1.12-13 ‘But as many as received him, to them he gave the right to become children of God, even to those who believe on His name.’

But even in the world in its darkness there would be those who responded, and they would thereby receive the right to ‘become the children of God, by ‘believing on His Name’’ that is, by believing in Him for what He really is. John here makes a clear distinction between general humanity, who view themselves as ‘children of God’ in a general sense; the Jews, who saw themselves as God’s children in a special way (Deuteronomy 14.1), and believers in Jesus who become children of God in a unique sense through being born of the Spirit (1.14; John 3.6). And he stresses that it is the last only who are the true children of God. For this is the purpose for which the Word has come.
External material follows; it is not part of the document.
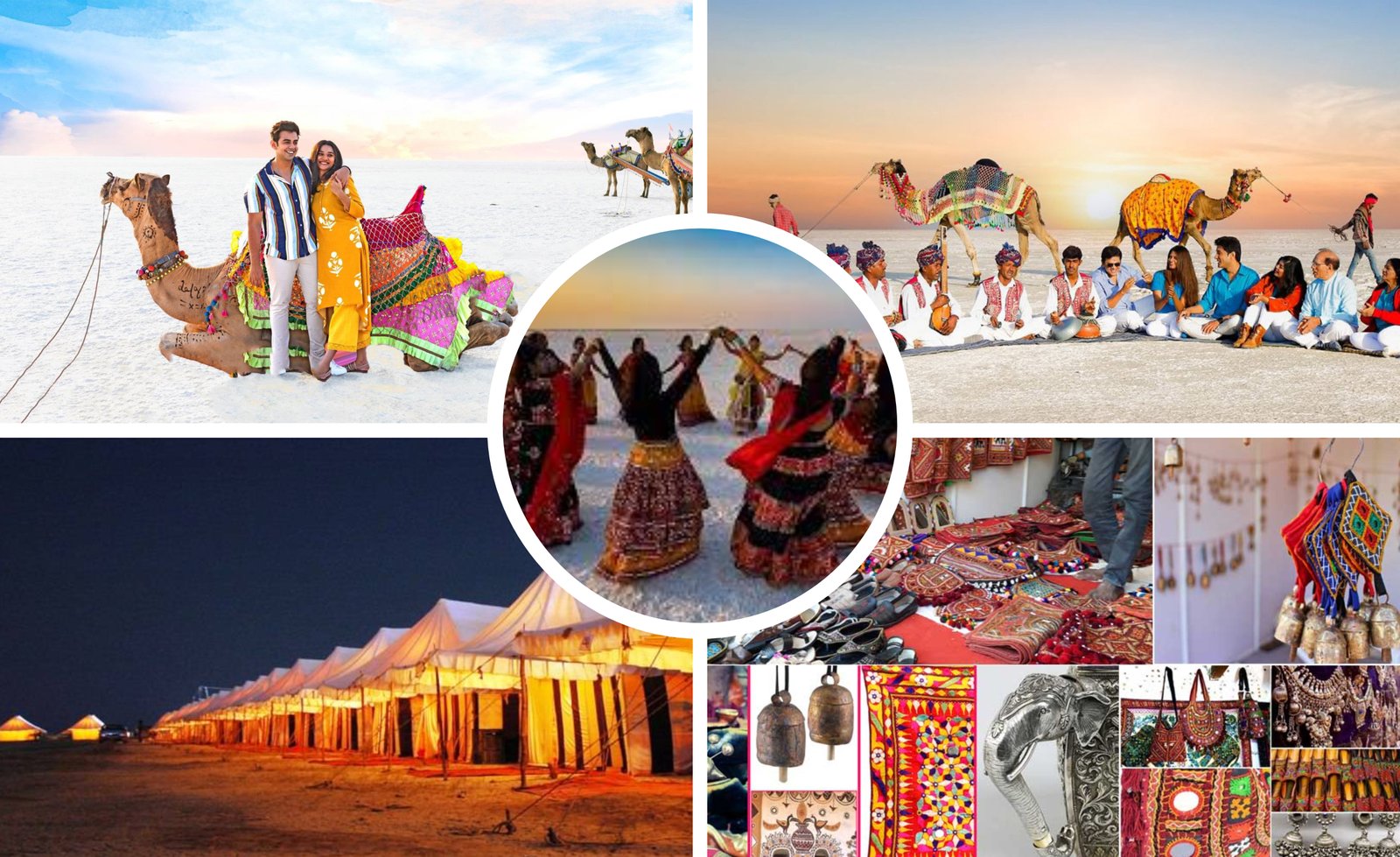 Rann of Kutch Festival Tour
He has come to bring men to God and to give them the life of the Spirit, and it is only through that, and through a loving response to His word, that they can be His children. For to be the children of God means being ‘perfect, even as He is perfect’ (Matthew 5.48), something which can only be found by response to Jesus, by belief and trust in Him.

‘Those that believe on His name’. The verb is followed by eis signifying ‘believe into’. This phrase is used regularly by John denoting personal, responsive faith as apart from just credence (compare 2.24 - although the difference is not always held).

1.13 ‘Who were born, not of bloods, nor of the will of the flesh, nor of the will of man, but of God.’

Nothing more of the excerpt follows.